For Vrbo, sponsored listings have a dual function. On the one hand, they give partners a tool that can increase the direct business value of the platform, especially if hosts can precisely measure return on advertising. On the other hand, Expedia can make better use of its advantage in advertising infrastructure, travel-intent data and its network of connected brands. Airbnb has an extremely strong consumer brand and a large global base of hosts, but Expedia has a combination of consumer sites, B2B partnerships, loyalty programs and advertising products. In that context, Vrbo is not only trying to increase the number of listings, but also to become more visible within the broader Expedia ecosystem.

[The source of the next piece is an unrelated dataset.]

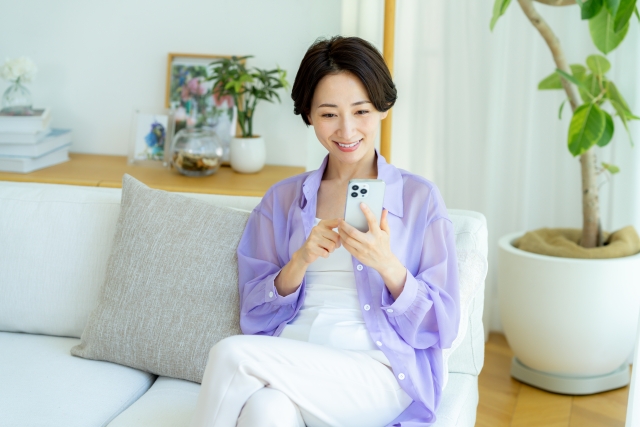 ahamoはグアムで使えるのか調べる女性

What the change means for hosts and property managers

For hosts and vacation rental managers, the greatest value of the new product will depend on how measurable campaigns are and how easily costs can be controlled. If Vrbo offers tools similar to hotel ads, partners could set budgets, track clicks, bookings and revenue, and adjust campaigns according to destination, season or targeted type of traveler. This would allow professional managers to manage their portfolios in greater detail, while helping smaller hosts increase their initial visibility. But paid placement cannot replace the basic elements of a successful listing: accurate information, a competitive price, good photographs, reliable availability, clear rules and quality communication with guests.

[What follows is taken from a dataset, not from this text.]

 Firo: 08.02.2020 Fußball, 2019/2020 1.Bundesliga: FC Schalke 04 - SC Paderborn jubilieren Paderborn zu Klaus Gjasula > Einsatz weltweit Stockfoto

In earlier announcements, Vrbo emphasized quality and trust as key elements of its strategy. Expedia Group announced changes to the Premier Host program, under which, from the beginning of 2026, greater visibility is directed toward individual listings that meet criteria such as a high acceptance rate, zero cancellation rate and a review rating of at least 4.6. If sponsored listings develop in parallel with such standards, the platform will have to balance commercial interest with the quality of the experience. In other words, an ad can help a property be seen, but the platform must ensure that paid visibility does not push aside the reliability standards travelers expect.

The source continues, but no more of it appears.